Here, Dr. Simons introduces himself:

“So what high school did you got to?”  While born in the Bronx, NY, Dan grew up in St. Louis, MO. Apparently if you grow up in St. Louis that question: “What High School did you go to?” is fairly ubiquitous and seems to come up regularly between people from St. Louis.

I think.

Certainly, it would make some sense to know that high school info.  St. Louis is situated at a nexus of southern and midwestern culture in the United States. It is divided by sport teams teams and sporting activities (are you a hockey or baseball lover? Are you into Football or Basketball? Is Futbol really a sport and if so, are people in St. Louis into it or do they see soccer merely as the thing for people in Kansas City?) It has political and economic boundaries that certainly could reflect (or contribute?) to real and perceived divisions between the citizens of St. Louis. Moreover, Dan attended a very good public high school, LaDue Horton Watkins, that is nationally ranked among the most respected in the United States for its academic achievement.  Hence, his indication of attending LaDue could provide subtle indicators about who he is and how his background may have shaped his life. So if you are familiar with the intricacies of St. Louis culture, then maybe you’ll find it helpful to know that Dan is a Ladue-er (LaDue-ite?).

For everyone else, Dan attended a nice public high school that exposed him to some fairly enriching literature courses (by title and description many of those lit courses seemed to be consistent with a liberal arts college curriculum), a strong background in the humanities and writing, and a range of scientific ideas and practices.

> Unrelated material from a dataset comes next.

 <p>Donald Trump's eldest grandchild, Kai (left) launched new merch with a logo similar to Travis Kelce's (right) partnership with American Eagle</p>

I maintain the possibility that, much along the lines of some of Dr. Simons early experiments, I may have been missing some obvious additional element. So most likely this High School question and its meaning is accurate for St. Louisians. Or Dan is preparing a new paradigm of misdirection with scientific authority effects and I’ll shortly be receiving  some sort of consent form to request my willingness to be complicit in this research.

He also has smart and active parents who encouraged lots of intellectual thought. He describes something of his parents and their professional activities in this excerpt.

Like I said, smart, active parents. Because of the clear value to the community I’ll draw extra attention to the organization that Dr. Simons’ mom organized: Ready Readers! If you want to support their efforts reading to children and providing books to children, families, and schools that greatly need that assistance, I hope you’ll check out their website and help them to do what they do!

Ready Readers can be found here.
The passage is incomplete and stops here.